For the rapporteur of the text at the time, the Socialist member of the French parliament Dominique Potier, this is a “cultural revolution” that is part of a more global awareness of our societies, driven by “citizens as consumers” who have become demanding on ethical issues – like the many debates in recent years around the issue of forced labour of Uighurs or “fast-fashion”.
“This has changed everything from a legal point of view,” explained Léa Kulinowski, a legal officer at the French branch of the Friends of the Earth, an environmental NGO that was at the forefront of the drafting of the 2017 text.
It is now using the text to hold energy giant Total to account for its plan to drill hundreds of oil wells in the heart of a natural park in Uganda.
“It finally makes companies face up to their responsibilities,” Kulinowski told EURACTIV, even if she recognised the limits of the French text.
Lessons to be learned
While Potier is aware of the “imperfections” of the French text, he stressed that it “carries a real ambition with its systematic approach to human and environmental rights up to the end of the production chain” and suggested that the European Commission should keep this spirit.
“Stopping at the first level of subcontractors would have the mechanical effect of moving criminal behaviour on,” he remarked in an interview with EURACTIV.
Charles-Henri Boeringer, a partner at the international business law firm Clifford Chance, whose clients include big multinationals, said the French law, “even if it took a little time to produce effects, is now accepted and implemented by companies.
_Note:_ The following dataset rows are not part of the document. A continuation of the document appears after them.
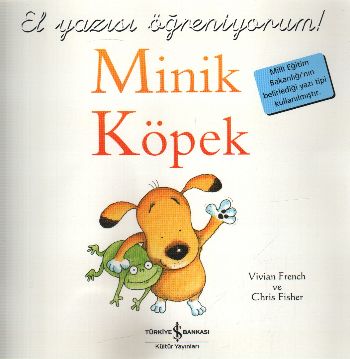 El Yazısı Öğreniyorum - Minik Köpek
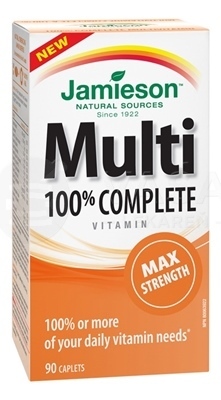 Jamieson Multi Complete Maximálna sila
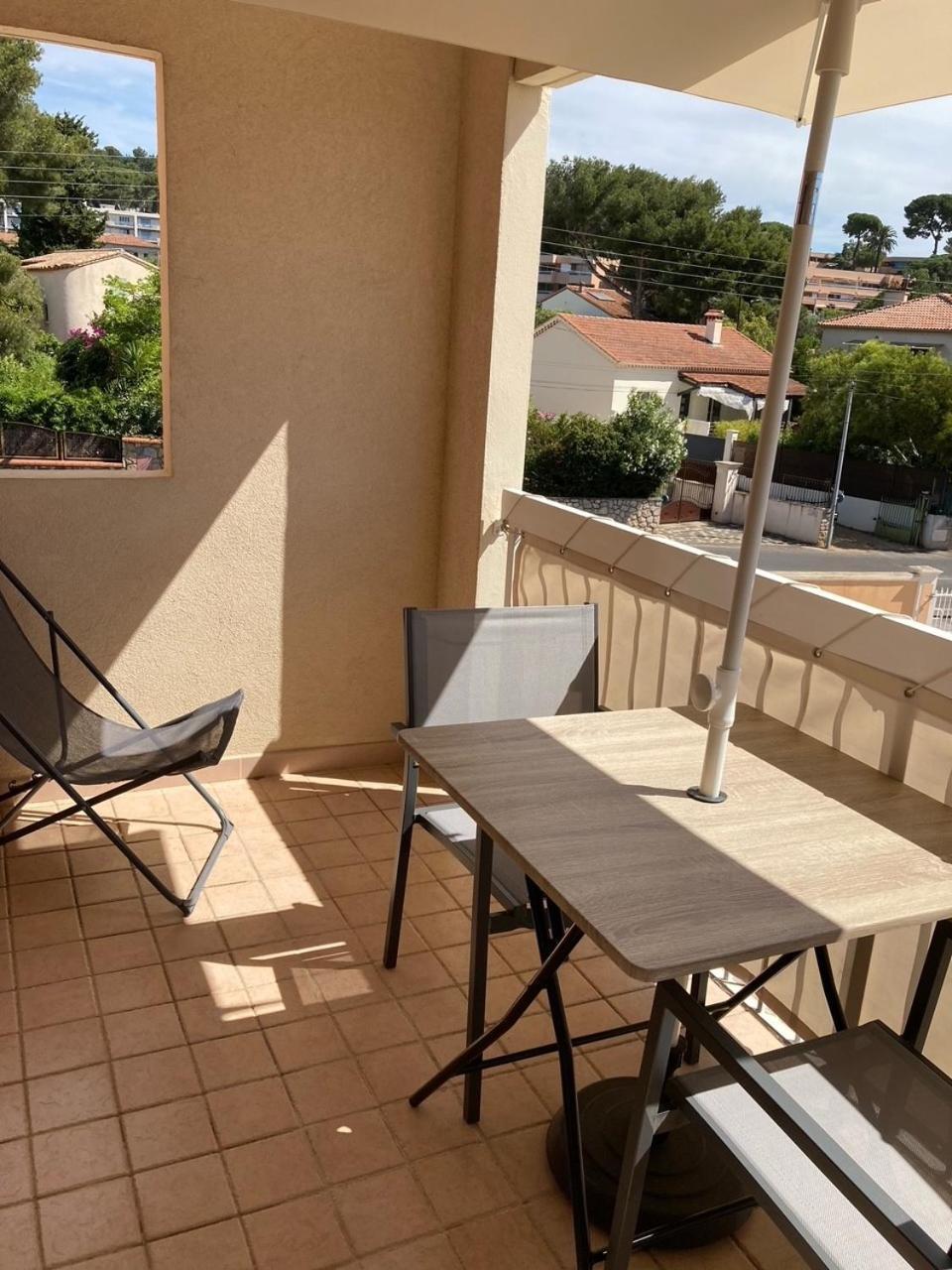 Ferienwohnung Le Ciel Bleu La Seyne-sur-Mer Exterior foto
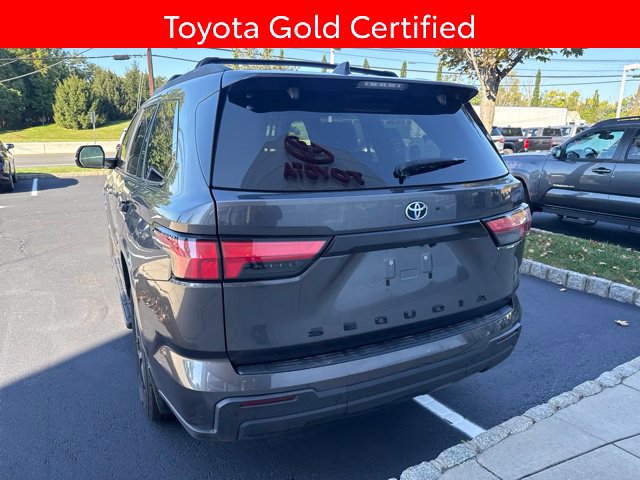 Certified 2024 Toyota Sequoia SR5 w/ SR5 Premium Package AWD/4WD image 10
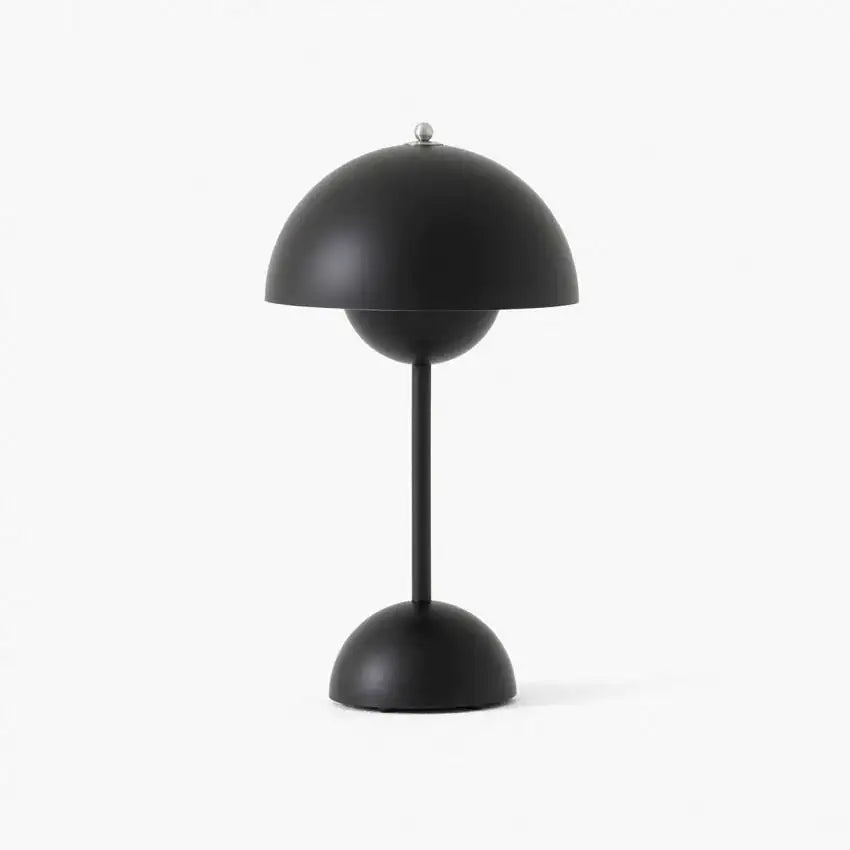 Flowerpot Rechargeable Portable Table Lamp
NGOs have taken it up and their appeals, which are still few in number, are very structured”.
Among the “weaknesses” of the text, Boeringer pointed to its “lack of precision”, its “difficult articulation” with other legislation, “the perception of a legal risk that is insufficiently defined and too indirect” as well as “the problems of distortion of competition” raised by the actors concerned who felt that the national level was not the right one.
Friends of the Earth regretted that the scope of the French law was too narrow. Kulinowski said the “too low” thresholds prevent the prosecution of certain companies whose environmental practices she considers problematic.
Boeringer, for his part, warned that it was “a very ambitious project with major obligations for companies will be difficult for small and medium-sized enterprises to implement”.
Dominique Potier, however, pointed out that few SMEs work internationally and would be affected and called for proportionate measures. “Rather than resisting, large companies should play the game to the end,” he said.
Burden of proof
Kulinowski expects the EU proposal to establish not just a “duty to report”, but real legal liability – like the French counterpart, for which Potier welcomed the fact that “infringements are a matter for civil and not administrative jurisdiction”.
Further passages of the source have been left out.